These are the Rails console commands to download the snippet contents, create temporary files, and create cache entries from those temporary files:

require 'open-uri'
require 'base64'
require 'json'

# Download cache entries data from snippet
entries_data = JSON.parse(URI.open('https://gitlab.com/-/snippets/4905050/raw').read)

entries_data.each do |data|
  # Decode and write content to tempfile
  file = Tempfile.new(['cache_entry'])
  file.binmode
  file.write(Base64.strict_decode64(data['content']))
  file.rewind
  
  uploaded = UploadedFile.new(
    file.path,
    filename: File.basename(data['relative_path']),
    sha1: Digest::SHA1.hexdigest(Base64.strict_decode64(data['content']))
  )
  
  VirtualRegistries::Container::Cache::Entries::CreateOrUpdateService.new(
    upstream: upstream,
    current_user: current_user,
    params: {
      path: data['relative_path'],
      file: uploaded,
      etag: data['upstream_etag'],
      content_type: data['content_type']
    }
  ).execute
  
  file.close
  file.unlink
  
  puts "✓ Created cache entry: #{data['relative_path']}"
end

puts "\nDone!

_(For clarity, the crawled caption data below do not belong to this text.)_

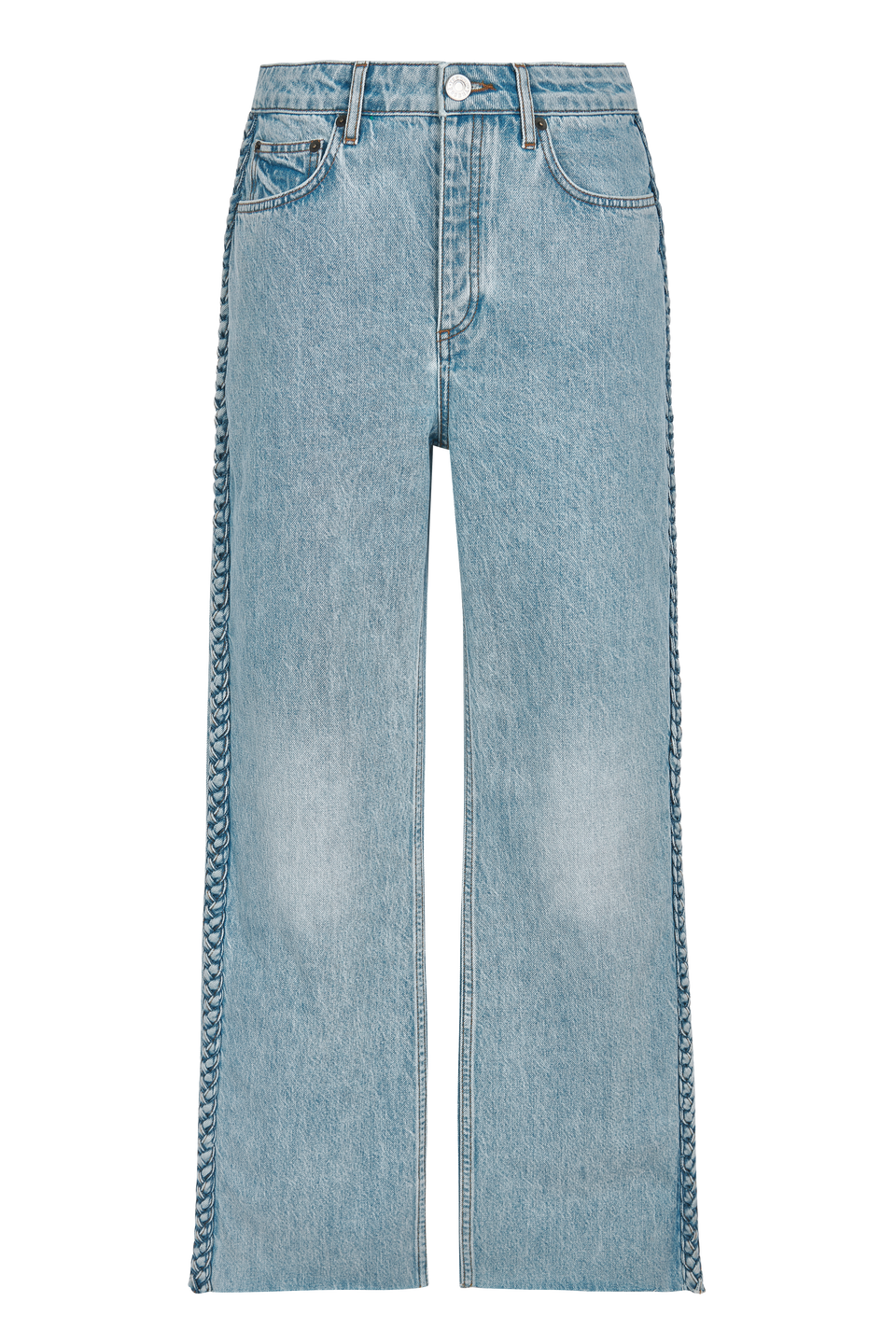 Denim with applied braids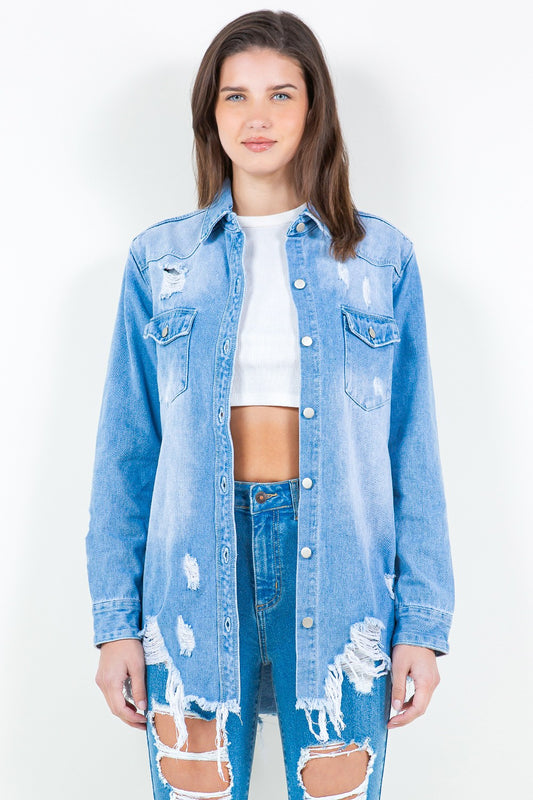 Blue American Bazi Frayed Hem Distressed Denim Shirt Jacket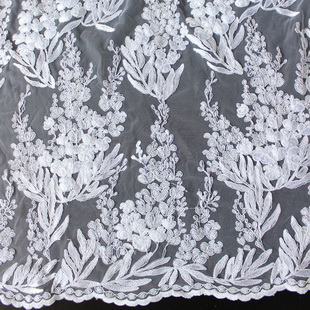 XP0703 Decorative Rope Embroidery Tulle Lace Cord Sequin Lace Fabric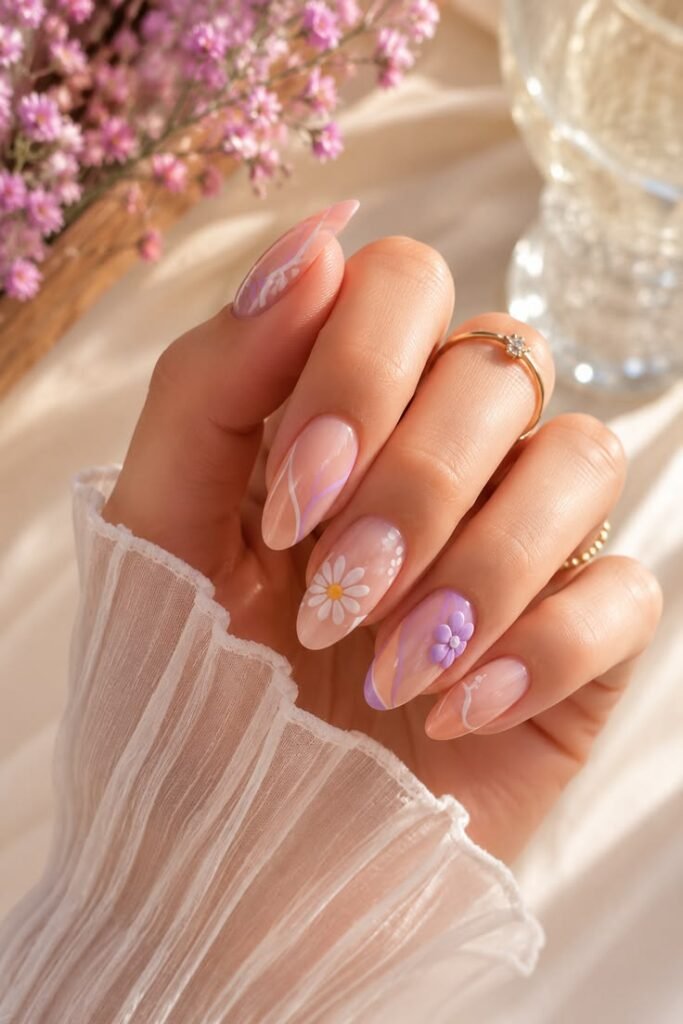 Peach and Lavender Whisper Daisy Summer Nails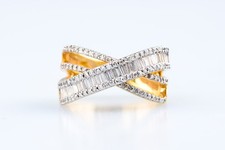 Bague croisée diamants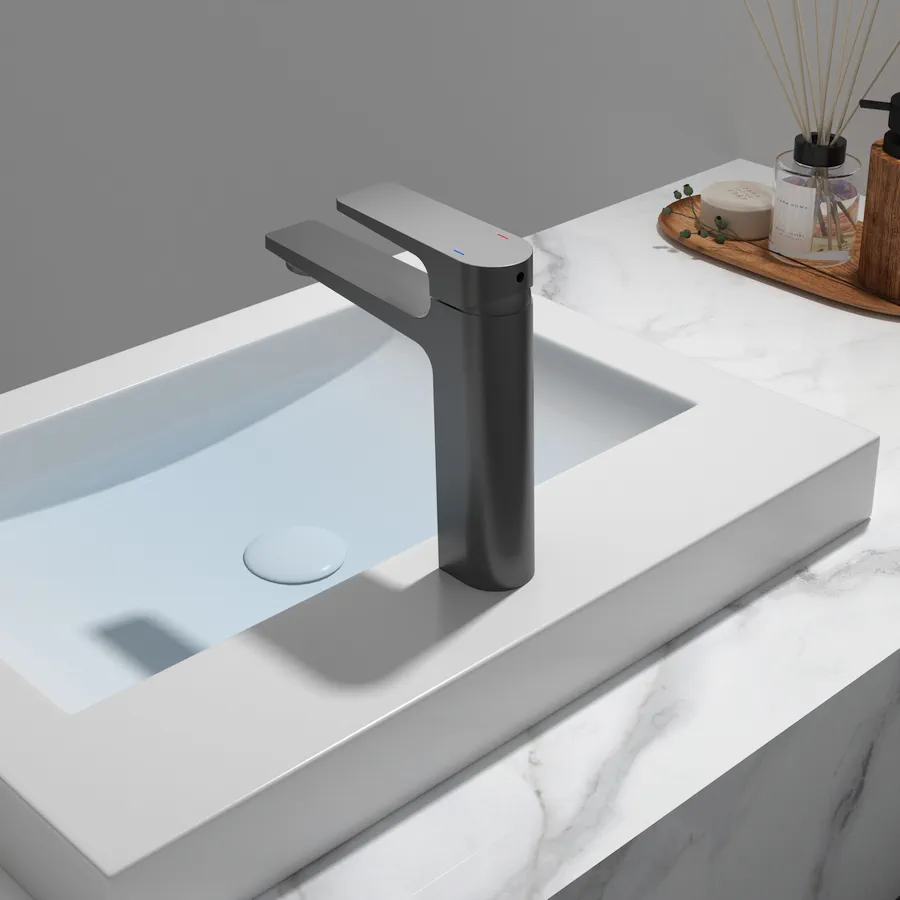 Смеситель для раковины FAUCET DREISER RH-G3001-QH оружейная сталь в 100Kran: Широкий выбор и доступные цены.
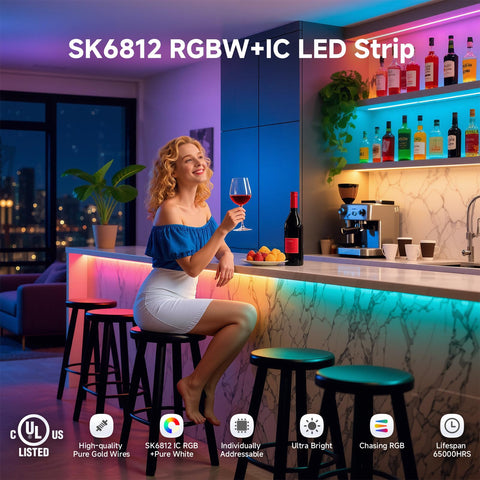 BTF-LIGHTING adhesive back enables quick wall mounting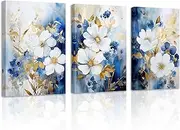 [ZXHYWYM] Abstract Floral Wall Art 3 Pieces Navy Blue Flowers Canvas Picture Blue and Gold Painting Prints Modern Artwork Home Decor Framed (Art-1, (30x40cmx3 Pieces))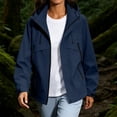 thumbnail image 3 of Fall Jackets for Women Waterproof Windbreaker Zip Up Hooded Outdoor Rain Jacket with Multi Pockets for Hiking Travel Workwear, 3 of 9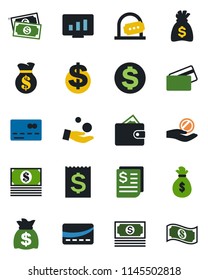 Color and black flat icon set - credit card vector, ticket office, dollar sign, money bag, statistic monitor, cash, receipt, wallet, investment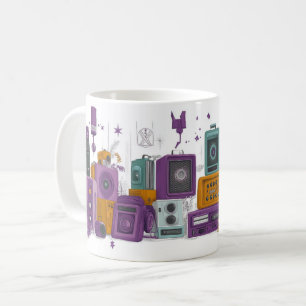 Retro-style audio speakers surrounded by roses coffee mug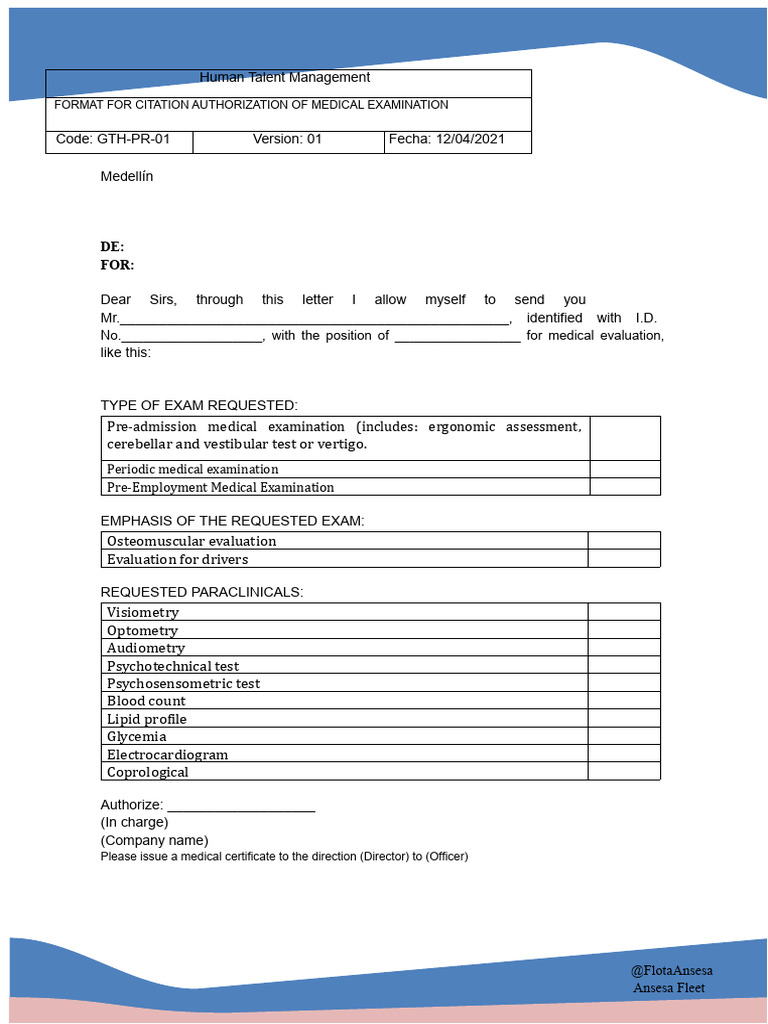 Medical Examination Authorization Form | PDF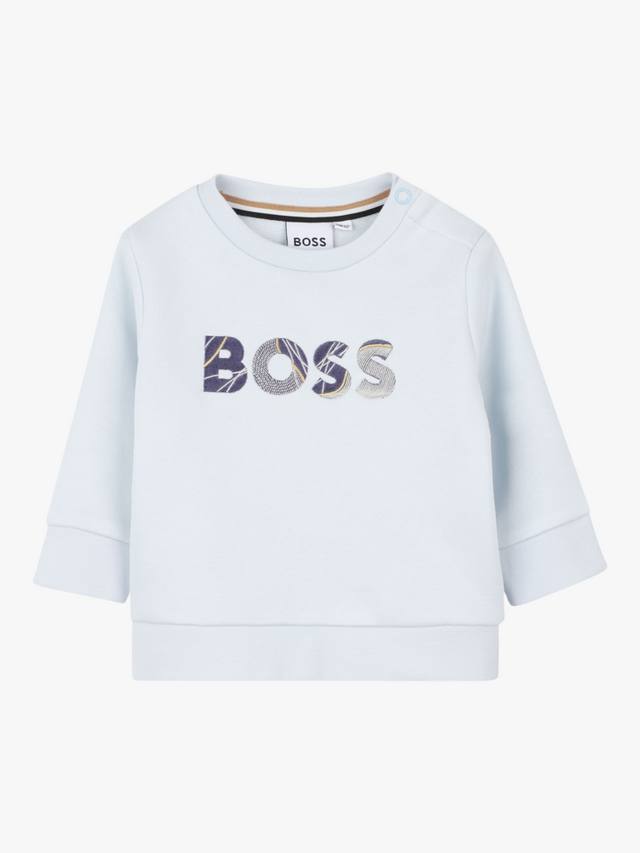 

Детский свитшот с логотипом из хлопковой смеси HUGO BOSS, Pale Blue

Created #{entries_data.count} cache entries."

One more thing: We need to force file_store = 2 (object storage), otherwise, the download does not work.

upstream.cache_entries.update_all(file_store: 2)

We'll fix this in the next MR, along with the implementation of the push endpoints.

#### 2B: 🏋️ The Hard Way

This step is a bit more involved because we do not yet have a push endpoint. We'll manually download a docker image and stuff its contents into cache entries.

Pull the hello-world image using Docker, then extract and upload the files to the cache:

# Create our test directory
mkdir -p /tmp/vr-test

# Pull the hello-world image
docker pull hello-world:latest
docker save hello-world:latest -o /tmp/vr-test/hello-world.tar

# Extract the manifest and blobs
cd /tmp/vr-test
tar -xf hello-world.tar

Now create the cache entries in Rails console:

require 'digest'
require 'json'

# Step 1: Parse index.json to identify which among the files in blobs/sha256 is the manifest list
manifest_list_digest = JSON.parse(File.read('/tmp/vr-test/index.json'))['manifests'][0]['digest']
manifest_list = JSON.parse(File.read("/tmp/vr-test/blobs/sha256/#{manifest_list_digest.split(':').last}"))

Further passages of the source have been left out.